Aggressive usage of 'slut' and 'whore' was equal across genders.

 

Jaya Saxena

IRL

Posted on May 27, 2016   Updated on May 26, 2021, 5:11 pm CDT

A new study claims that 50 percent of misogynistic tweets in the U.K. are sent by women.

Demos, “Britain’s leading cross-party think-tank,” conducted a study that tracked aggressive and abusive tweets sent over a three-week period. Specifically, it monitored the usage of the words “slut” and “whore” by U.K. Twitter users, but researchers separated the instances of those words being used in conversational and self-identifying ways from them being used derogatorily.

The results showed that 200,000 aggressive tweets using those terms were sent to 80,000 people worldwide over three weeks, and that half of the aggressors were women. In the U.K. alone, 6,500 such tweets were identified during the same period.
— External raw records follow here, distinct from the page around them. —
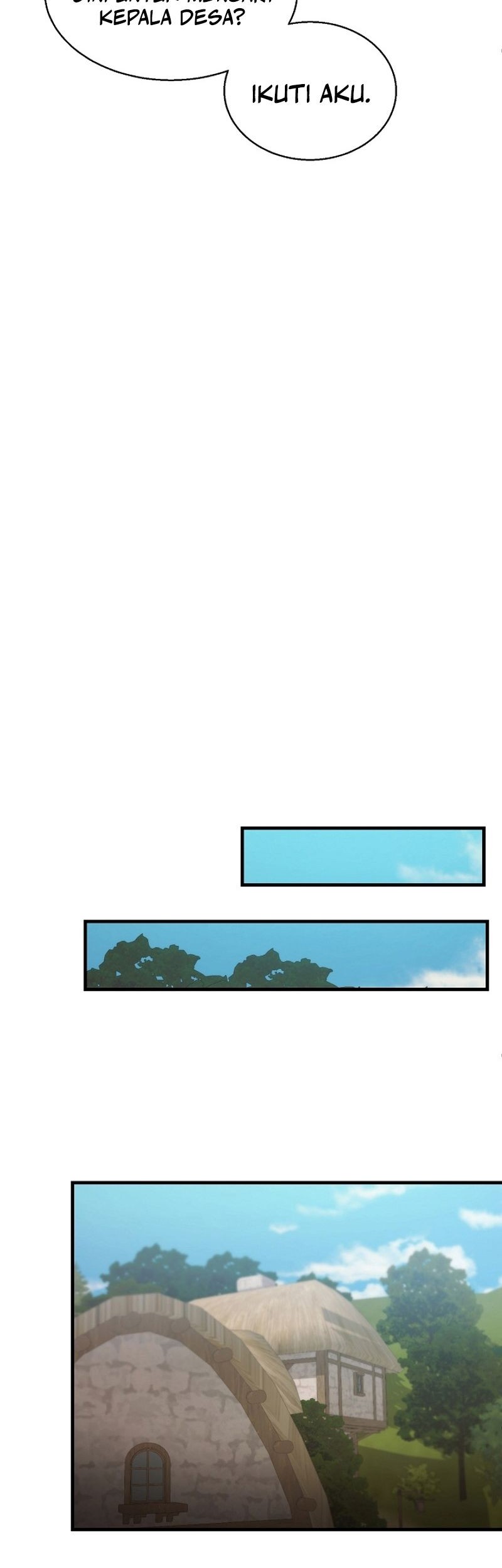 Surviving with a SSS-Rank Inventory Chapter 52 Gambar 28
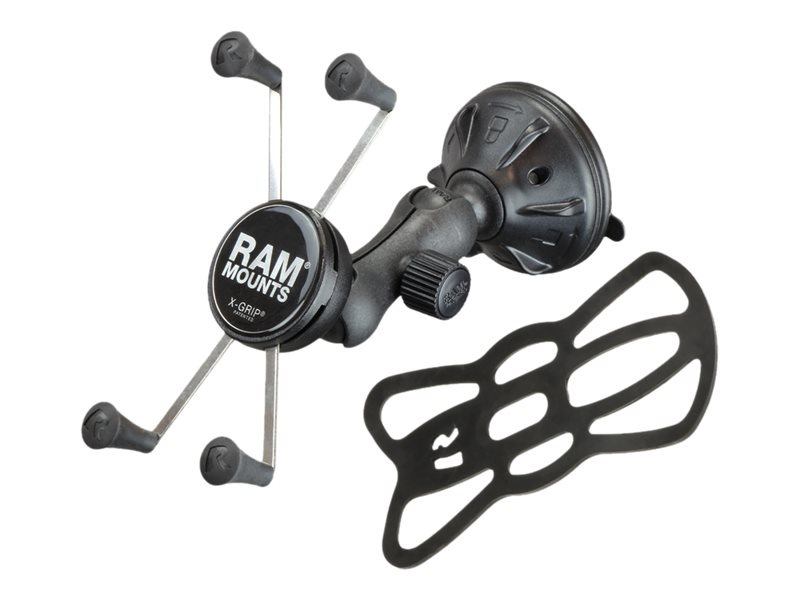 RAM X-Grip RAP-B-166-2-UN10 - car holder
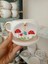 Ceresshop El Yapımı Şirin Charmlı Seramik Mug 2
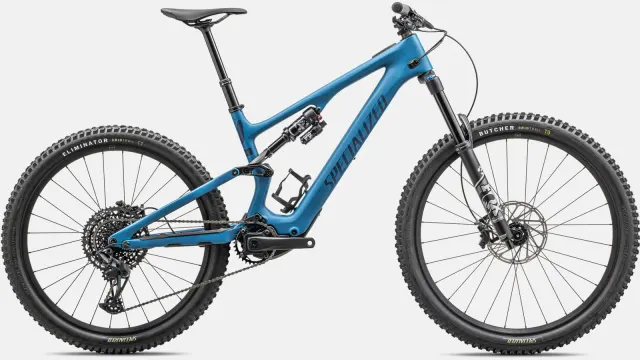 Specialized Turbo Levo SL Comp Carbon 2023 - Sram GX Eagle 1x12sp - Specialized Alloy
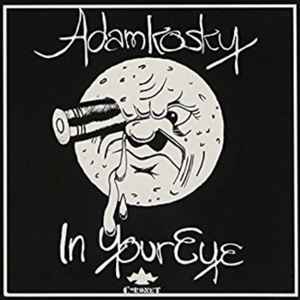 Adamkosky - In Your Eye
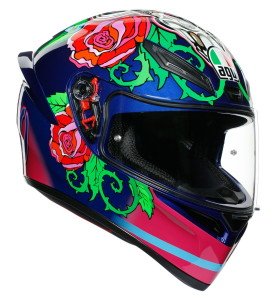 AGV K1 Kask PSA16 Salom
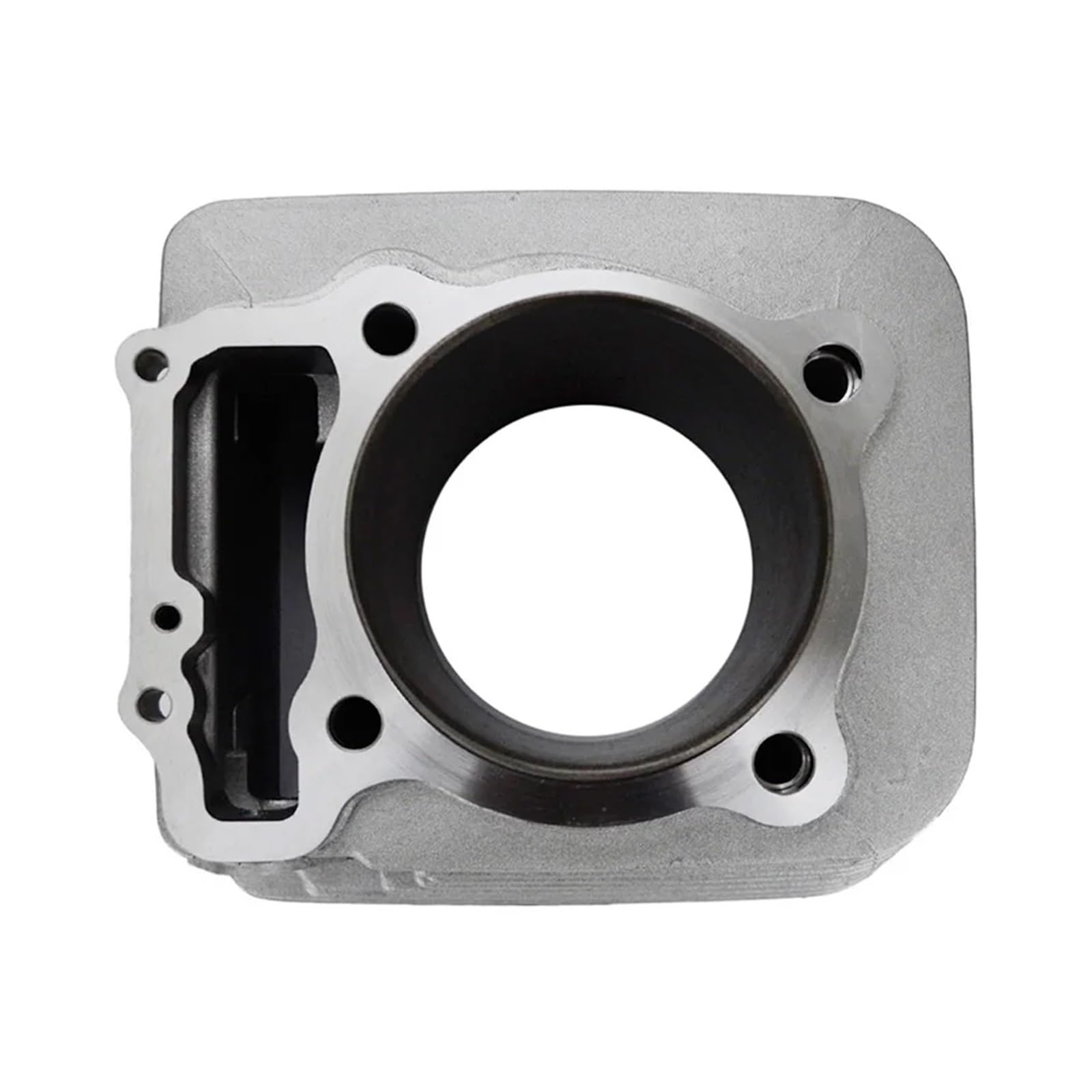 Parti del motore del motociclo Cilindro dell'aria da 85 mm e guarnizioni degli anelli del pistone Guarnizione del tubo del carburante e kit filtro olio benzina for XR400 1996-2004 accessori per moto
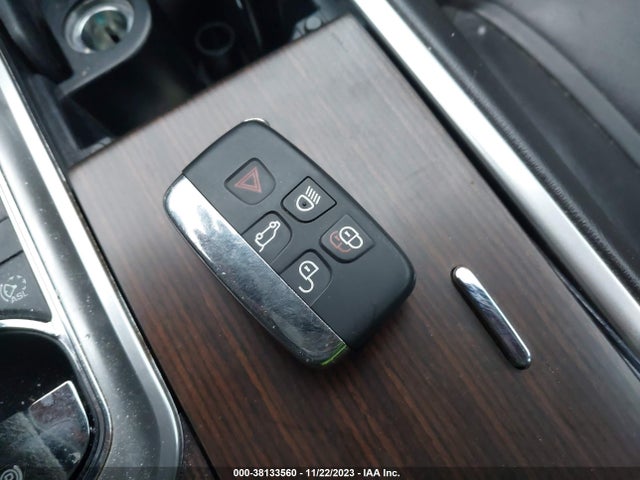 2013 JAGUAR XF SAJWJ0EF2D8S82218 Photo 10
“In order to determine the context of use in these Tweets, we built three Natural Language Processing classifiers—essentially a method for training a computer to make a distinction which would traditionally only be possible for humans to make,” Josh Smith, an associate researcher at the Centre for the Analysis of Social Media at Demos, told the Daily Dot over email. “In practice, this involves a researcher reading and manually coding around 300 Tweets, which the classifier can use as a ‘test’ to see how accurate it is (i.e., how far it agrees with the human’s selection on each of those 300 cases.)”

The study builds on research Demos published in 2014, which found that just 18 percent of the uses of “slut” and “whore” were misogynistic, though more were classified as “casually misogynistic.” However, “women are as almost as likely as men to use the terms ‘slut’ and ‘whore’ on Twitter. Not only are women using these words, they are directing them at each other, both casually and offensively.”

The definition of “casual” usage is certainly not innocuous. In its rundown of the usage of “rape,” Demos used for a casual example “That was my famous rape face :) LOL Joke.” While the intent of the Twitter user may have been “casual,” that doesn’t preclude a tweet like that from being offensive to others. When it comes to abuse, women received abusive tweets using the words “slut” and “whore” in them 6.6 times a minute, so that’s fun.

Smith hopes that the studies are just the tip of the iceberg when it comes to online abuse. “This is by no way an exhaustive study, and has raised a huge number of questions which will need further research to answer—who are the victims of this abuse, for example; and what effect does this language have on our behaviour online?” We’re also worried about what a U.S. study would show.